His extraction of sugar from beets, which was then only available from sugarcane, was the starting point for the sugar industry in Europe, and the modern sugar industry in the world. Although Marggraf recognized the economic impact of his discovery, he did not pursue it. Marggraf's student Franz Achard, completed the work and developed an economic extraction method for sugar from sugar beet. Other students of Marggraf included Johann Gottlob Lehmann, Franz Carl Achard and probably Valentin Rose the Elder and Martin Heinrich Klaproth.
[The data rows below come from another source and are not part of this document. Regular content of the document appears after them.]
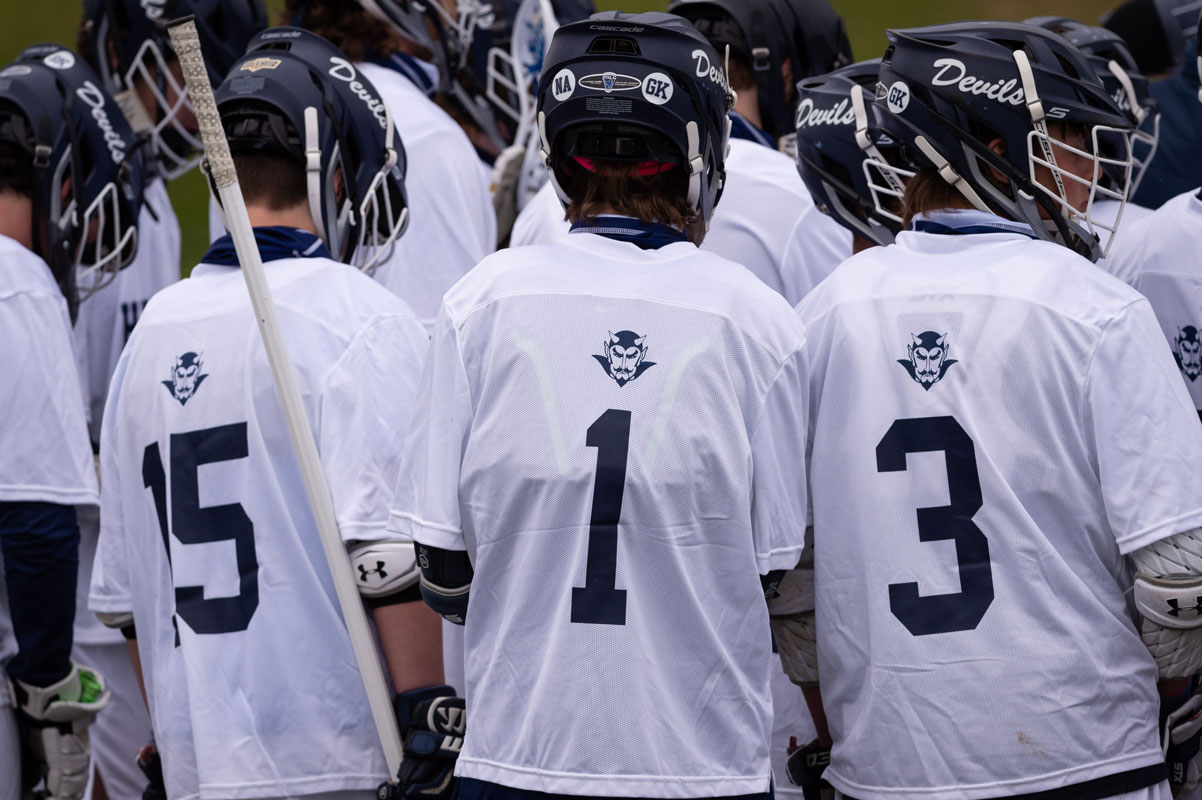 The Blue Devil boys' lacrosse team won its season opener at Sachem East. (Darin Reed photo.)
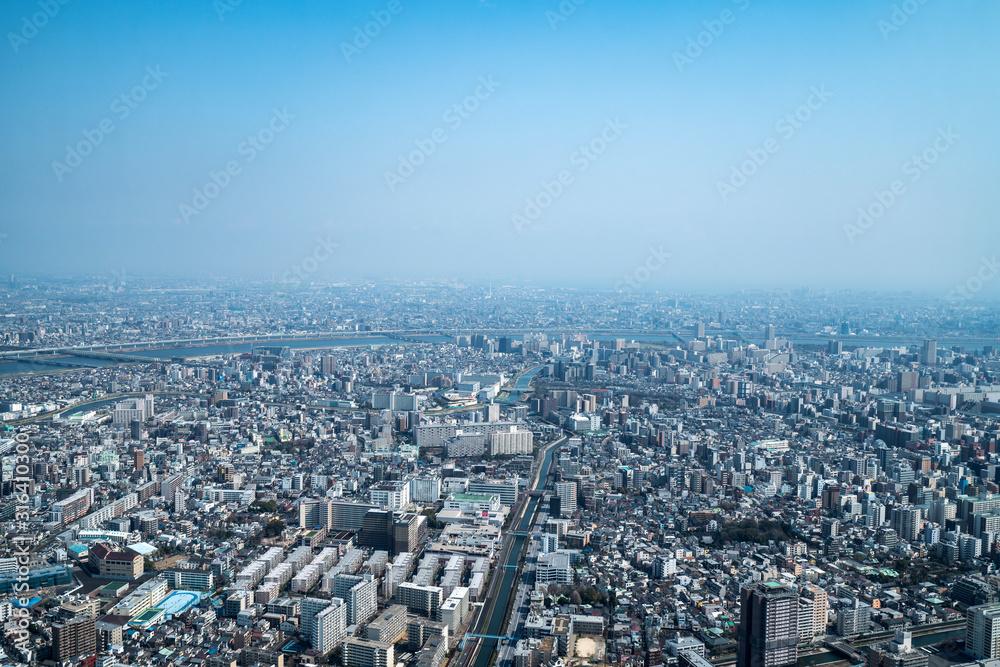 Asia business concept for real estate and corporate construction - panoramic urban city skyline aerial view under sky in tokyo, Japan
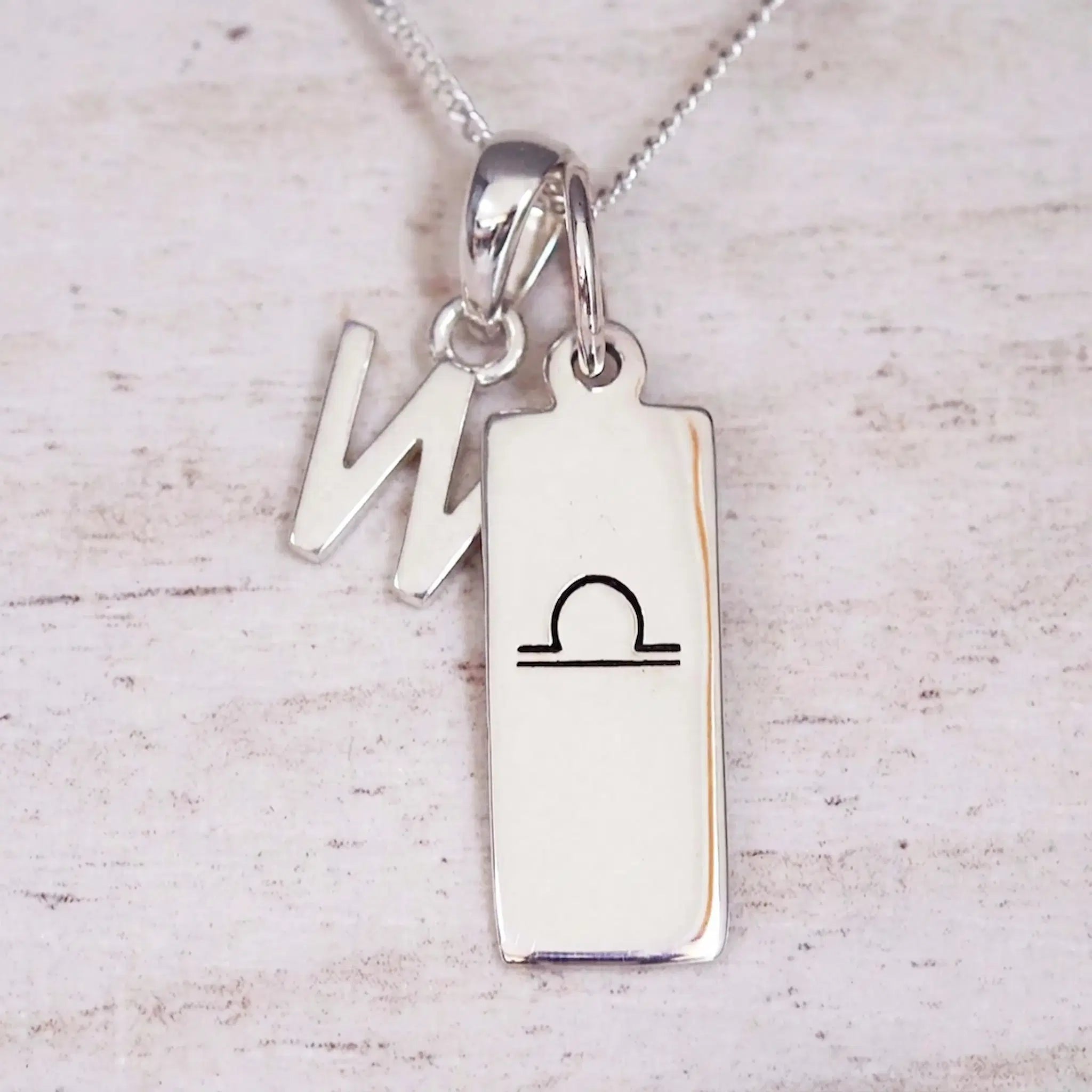 Silver Initial and Libra Zodiac Necklace with a letter W pendant and engraved Libra bar, flat lay on light wood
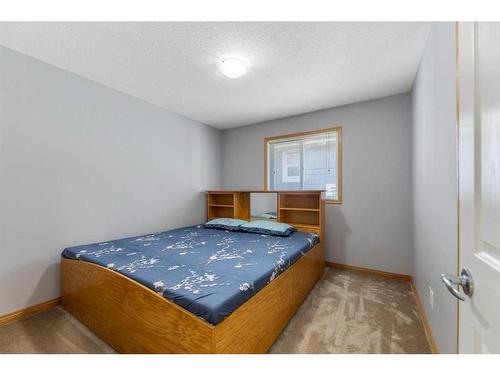 35 Saddleland Drive Ne, Calgary, AB - Indoor Photo Showing Bedroom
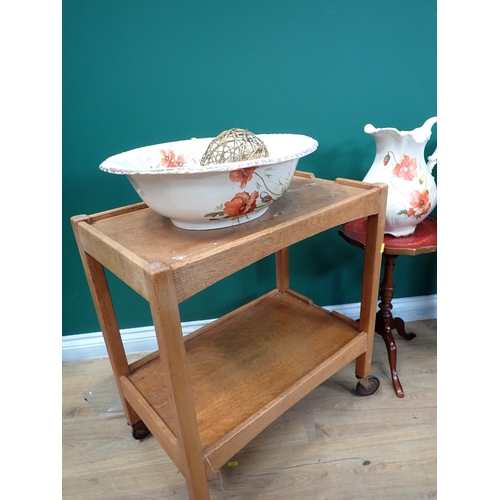 82 - A Singer Sewing Machine on stand, an oak Tea Trolley and a Wash Jug and Bowl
He was the first to isolate glucose from raisins in 1747.

===Isolation of zinc===

Marggraf had isolated zinc in 1746 by heating a mixture of calamine and carbon in a closed vessel without copper. He was unaware that the same process had been developed (and patented) by William Champion in England around 1738–1740 and by Anton von Swab in Sweden around 1742. However, Marggraf described the process in great detail and established its basic theory, for which he is often credited with isolation of zinc. This procedure became commercially practical by 1752.